Le poids du regard et de la comparaison
Dans un environnement envahi par des images idéalisées — des corps bronzés, sculptés, sans défaut, souvent retouchés par des filtres numériques ou en post-édition —, il devient presque incontournable de se comparer à ces modèles affichés comme la norme. Que ce soient dans la presse, sur les réseaux sociaux ou dans la publicité, ces représentations irréalistes façonnent nos attentes et alimentent nos frustrations. Il devient alors difficile de ne pas faire le lien entre ces images et notre propre corps, et de ne pas nous percevoir comme inférieurs ou non conformes à ces standards.
Il est crucial de se rappeler que ces représentations parfaites sont souvent artificielles : elles sont soigneusement scénarisées, floutées ou retouchées pour répondre à une esthétique bien précise. La réalité est bien plus diversifiée et moins parfaite. D’autres personnes aussi vivent avec des doutes, des imperfections, des cicatrices ou des stratégies personnelles pour accepter leur corps. La diversité de la condition humaine ne peut être confinée à une seule image idéalisée, et il est essentiel de garder à l’esprit que chaque corps a son propre récit, ses défis et ses beautés invisibles.
S’accepter soi-même avant tout
Pour parvenir à se sentir à l’aise dans un maillot de bain, le processus d’acceptation doit commencer bien avant de poser un pied à la plage ou à la piscine. Christian Richomme recommande à ses patients un exercice simple mais puissant : se regarder dans un miroir, à la maison, en portant un maillot, et ce, sans jugement ni critique. L’objectif n’est pas de traquer les défauts ou d’évaluer si l’on est “acceptable”, mais plutôt d’adopter une attitude bienveillante envers soi-même. Il s’agit de voir son reflet avec douceur et de prendre conscience de ses qualités, de ses particularités et de ses petites différences, pour commencer à se familiariser avec son image.

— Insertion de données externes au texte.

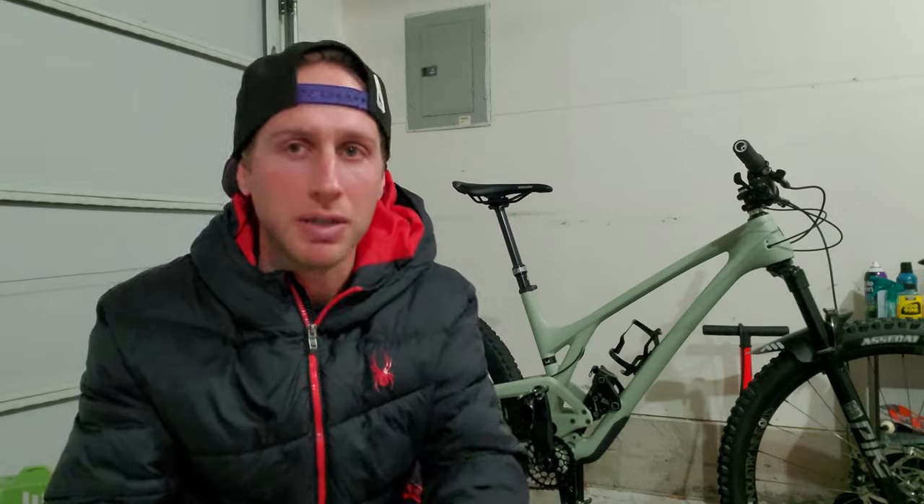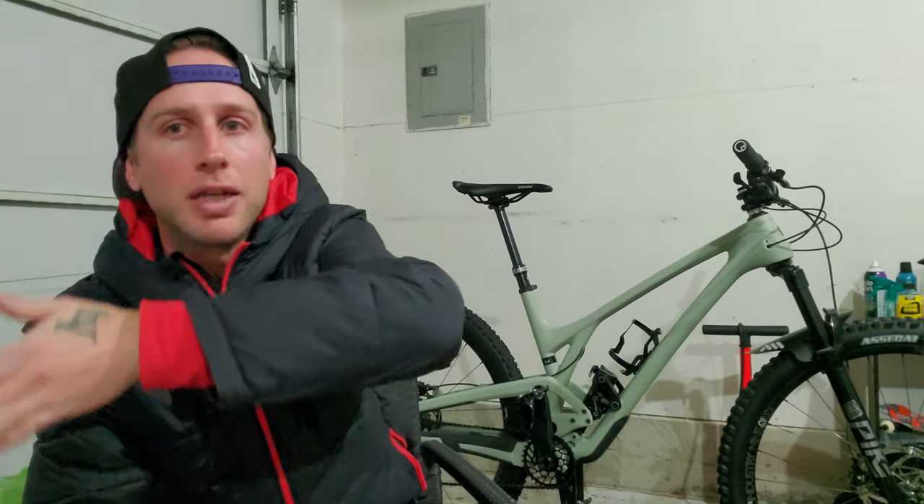If you've been following along, you already know I'm on a big tire kick right now — I love tires and I want to try them all. I wanted to get off Maxxis just because everyone runs Maxxis and I wanted to be different, but I always end up back on Maxxis. In this video I'm going to show you all the tires I've tried and give you my top three Maxxis combos, ranging from speed to grip — one XC, one in the middle, and one more aggressive setup.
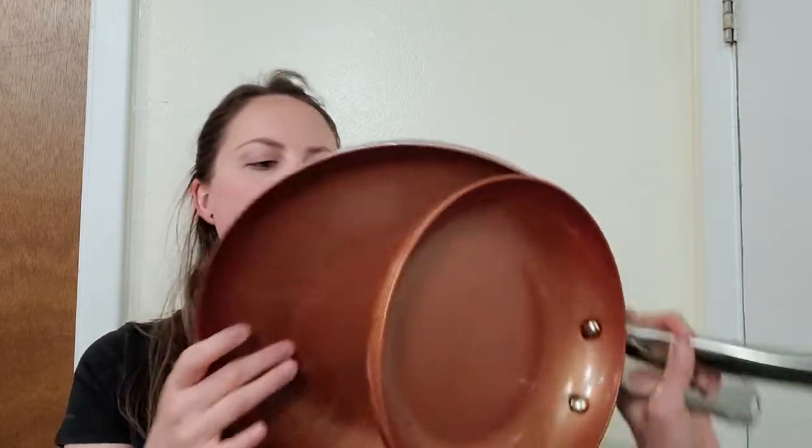So today I'm going to be reviewing the Copper Chef pans. As you can see, I have two sizes here — the small 8 inch one as well as the 12 inch skillet. What I absolutely love about the Copper pans is whether you're using them on an electric stove or a gas stove, everything cooks evenly and nicely throughout the entire dish.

Ce travail intérieur consiste à passer un moment seul chez soi, habillé du maillot, simplement pour s’observer. Il ne s’agit pas d’un simple essayage, mais d’un véritable rituel d’acceptation : le but est de se sentir confortable dans cette tenue, de faire corps avec elle, sans crainte ni honte. En consacrant au moins une heure à cette pratique, on peut apprendre à dépasser ses jugements négatifs et à accueillir son corps tel qu’il est, avec ses forces et ses fragilités. La clé réside dans la patience, la douceur et le regard positif porté sur soi-même, afin que ce moment privilégié devienne une étape essentielle vers la confiance en son corps.